Along that line, perhaps related to jj's branch but this definitely seems more appropriate for a paging interface like the assets fetch. Then the max returned is up to the node. You get X amount with pagination token to use in fetching subsequent results.

PhearZero commented 3 weeks ago

Great work @SilentRhetoric! Good points @pbennett, I always forget algod has the account assets endpoint paginated and seems like a logical fit for application boxes

Small nit: It would be nice to introduce it as /v2/applications/{applicationId}/boxes?max={max}&prefix={prefix}

anwaar001 commented 3 weeks ago

@SilentRhetoric thanks for raising this issue, i am facing the some problem, having this functionality in algod endpoints will help developers to easily create and scale large application on algorand blockchain

pbennett commented 3 weeks ago

Having ability to specify a 'list' of boxes to fetch would be nice as well - a 'batch' fetch call basically.

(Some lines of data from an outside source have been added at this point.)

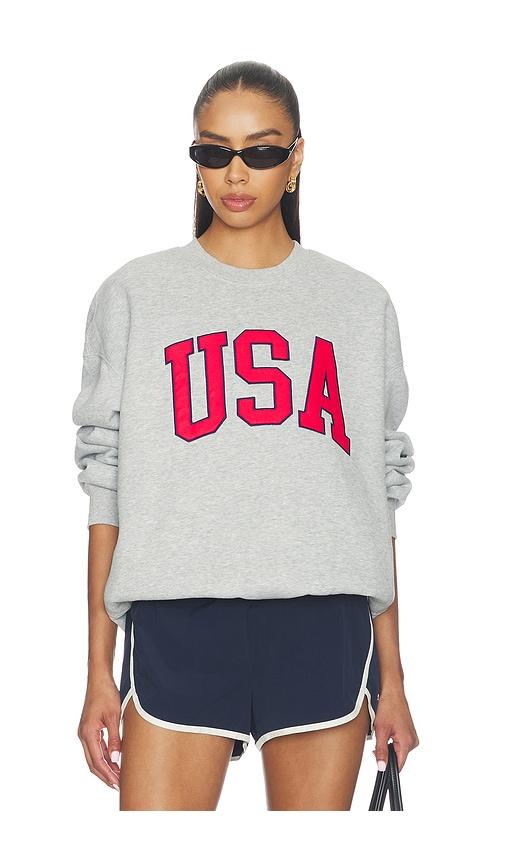 hype and vice usa offside crewneck in grey. - size l (also in xs, s, m)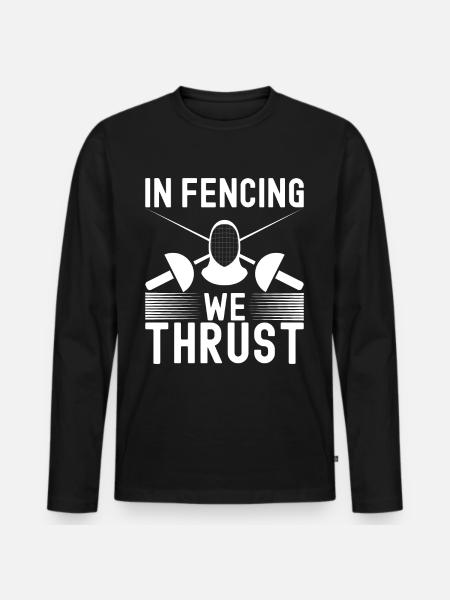 Fencing Fencing - Men's Premium Organic Long Sleeve Shirt - black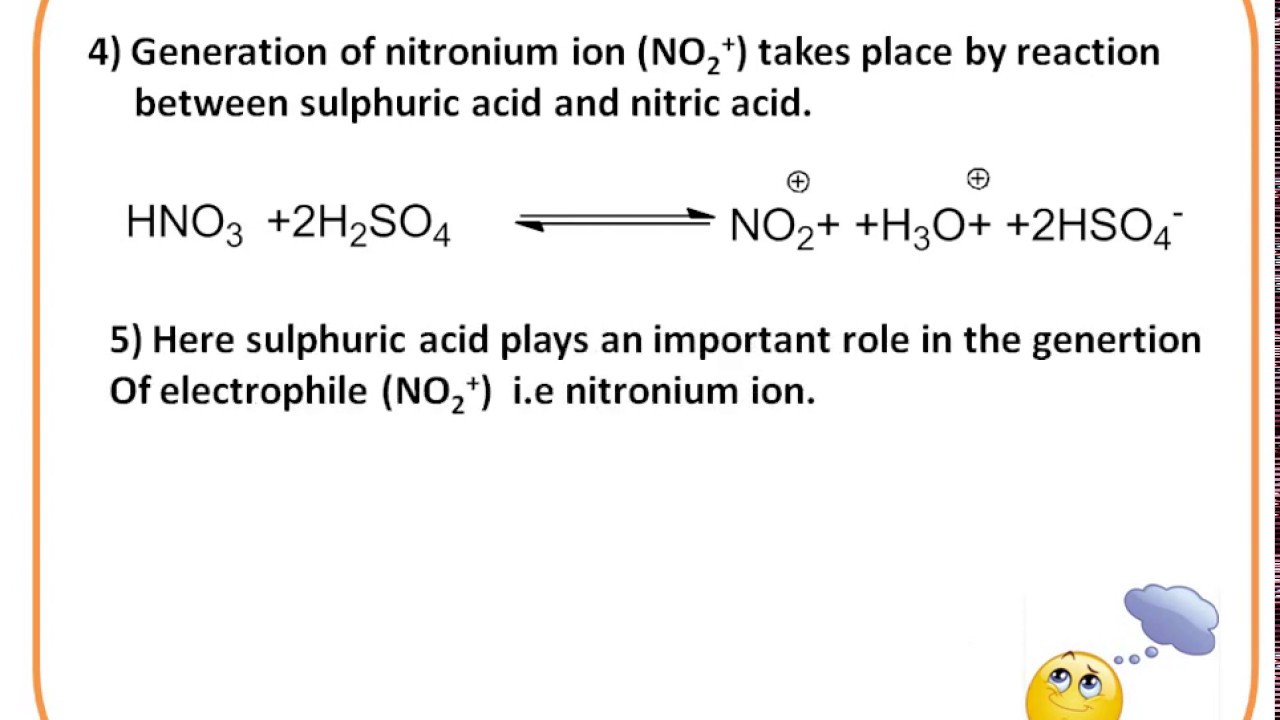 Why Sulphuric acid is used in nitration (Nitrating Mixture)?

emg110 commented 2 weeks ago

This is a very nice idea and I completely agree on requirement! Wouldn't it be nicer if we just add filter paths to existing endpoints and not add a new one explicitly? This is how it is with existing endpoints and if URL params are available they get used as filters (prefixes in this case and we might add more in the future, such as length or...). @SilentRhetoric

pbennett commented 1 week ago

Only additional comment is that it should be like the other paged apis. response would include next-token, and instead of 'after', it should be 'next'. This would be inline w/ the existing algod and indexer APIs that return paged results.